Without going into the details of the transition (the subject of Anna Holmes' "Inheritance" piece in The Atlantic), Muhammad concludes her book with the "dissolution of the literary societies [and] the emergence of the Brownie Stories in the early 1900s" (153). None of Du Bois' goals for the publication include "passing a state assessment or reaching a particular 'reading level' in guided reading," Muhammad notes. "So why are those central goals in schools today? Returning to Black literary and literacy history means restoring excellence that is not just excellent for children of color, but for all children. This requires us to consider the purpose of the texts and literature we chose to support our instruction, as well as the very purpose of schools. I argue that schools and texts should help students to know themselves, their beauty, brilliance, and genius. They should also know the truth and histories of other groups of people who don't look like them" (153). The italics are hers; the sentiment we can certainly share. 

In the final chapter, Muhammad cites "the inaugural issue of Freedom's Journal, the first African American newspaper," arguing in line with Martin (2002) that its words "sparked the movement for literary societies... David Walker's Appeal, the development of African-centered schools, and the organization of literary societies" (156-7). The last word, though, is love, with Muhammad finding therein the point of convergence for bell hooks' and Martin Luther King, Jr.'s studies: "'This is the most precious gift true love offers--the experience of knowing we always belong' (hooks, 2001)... 'Power at its best is love implementing the demands of justice, and justice at its best is love correcting everything that stands against love'" [King, 1967] (167). 
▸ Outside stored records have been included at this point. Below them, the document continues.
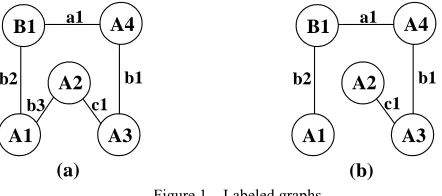 Figure 1.   Labeled graphs 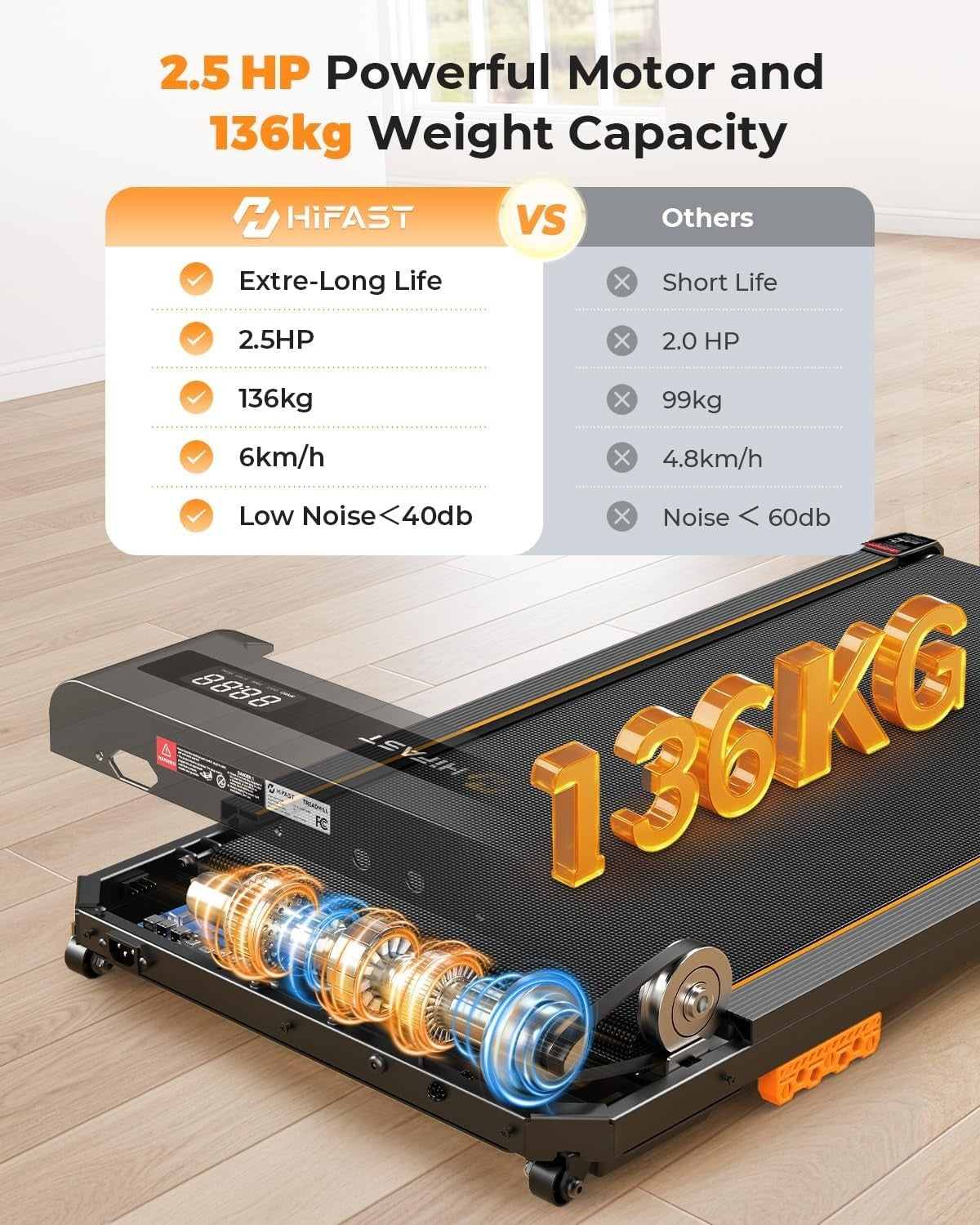 Under Desk Treadmill 3-in-1 Portable Walking Pad 2.5HP Quiet Motor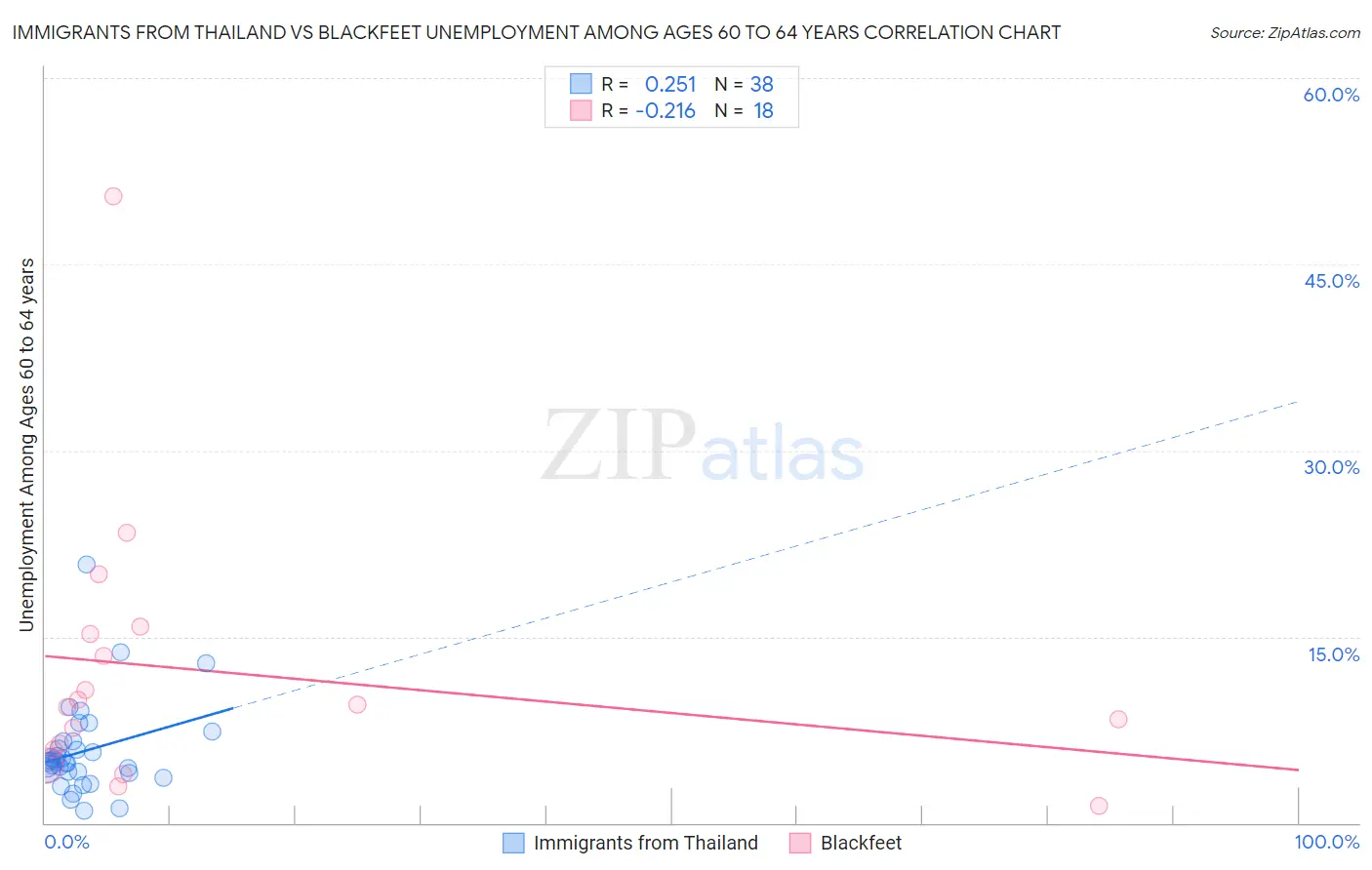Immigrants from Thailand vs Blackfeet Unemployment Among Ages 60 to 64 years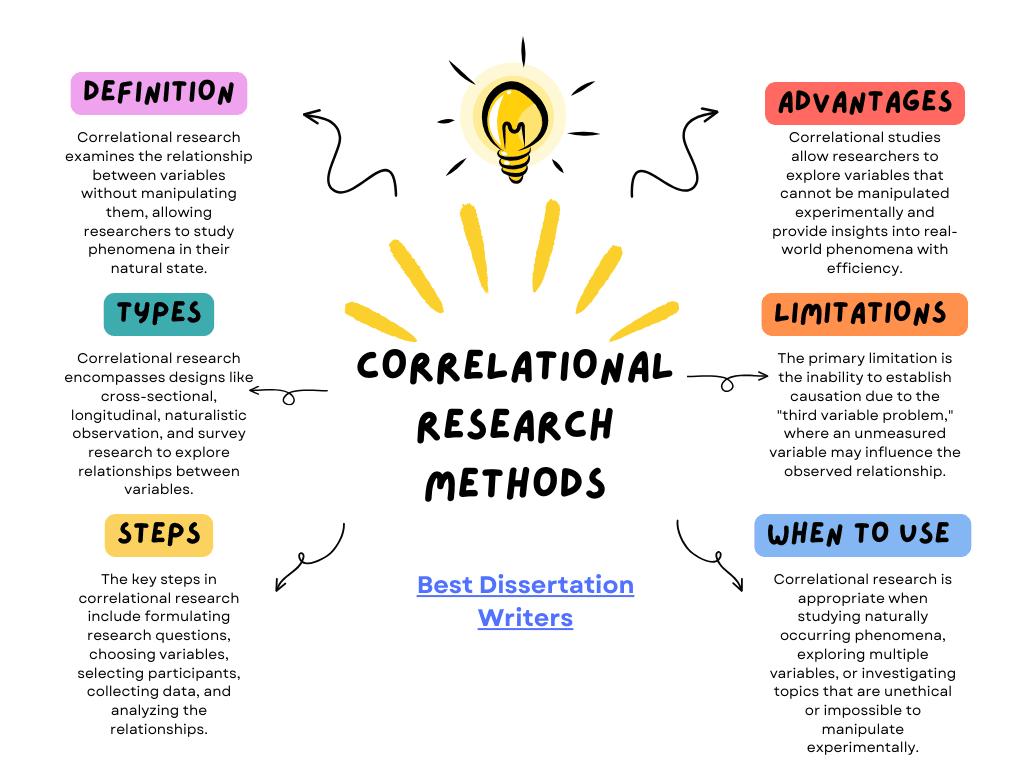 correlational research methods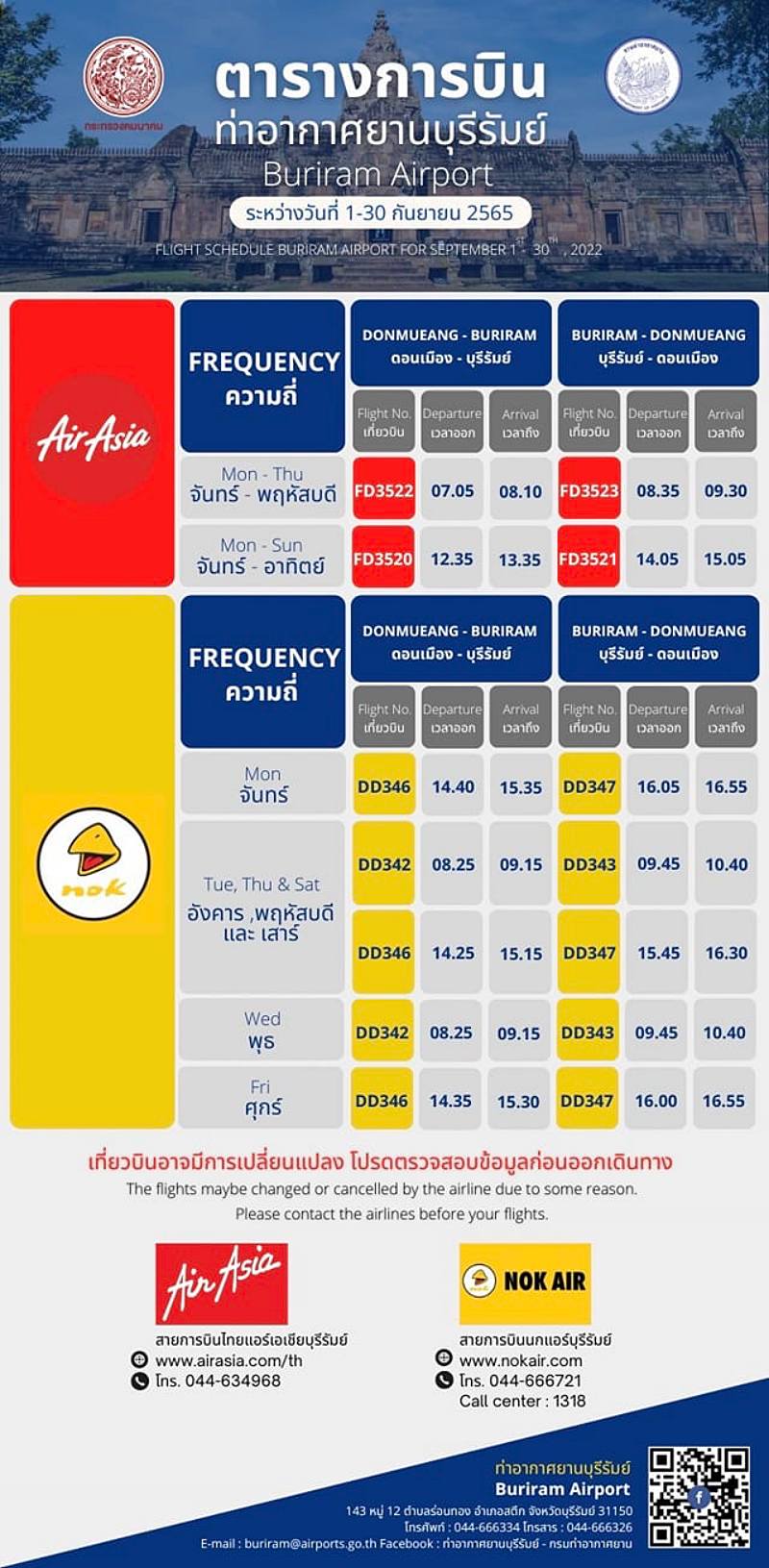 _Flight to motogp thailand 2022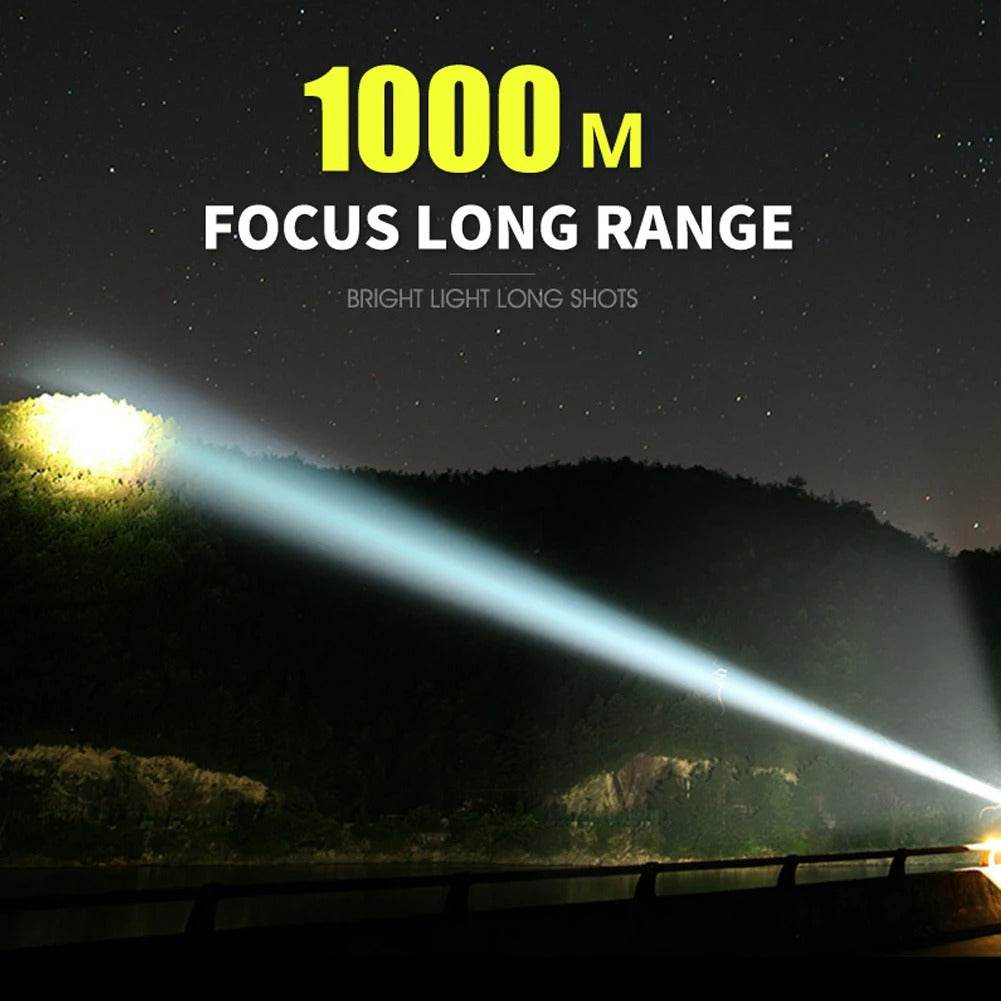 Ultra Bright High Lumens LED Flashlight (16.5cm) - DMC Wholesale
In an afterword, Maisha T. Winn, professor at UC Davis, ties in Muhammad's work with her own in History Matters and Futures Matter, towards "demonstrating how history, historiography, and historicizing our young people and their families will create and sustain futures" (171). That is no doubt true, and varieties of scholarship and prophetic poetry will still extend the work of historicism in education and in the shaping of history. We might prefer to rejoin, though, that the through-line of Cultivating Genius as we've been able to discern it and attempted at distilling it here runs in the paradoxical moment which is neither past nor future, but the ever-unconcluded time of hooks' gift of always-belonging love and King's regal trinity of power, justice, and love--it is of the present.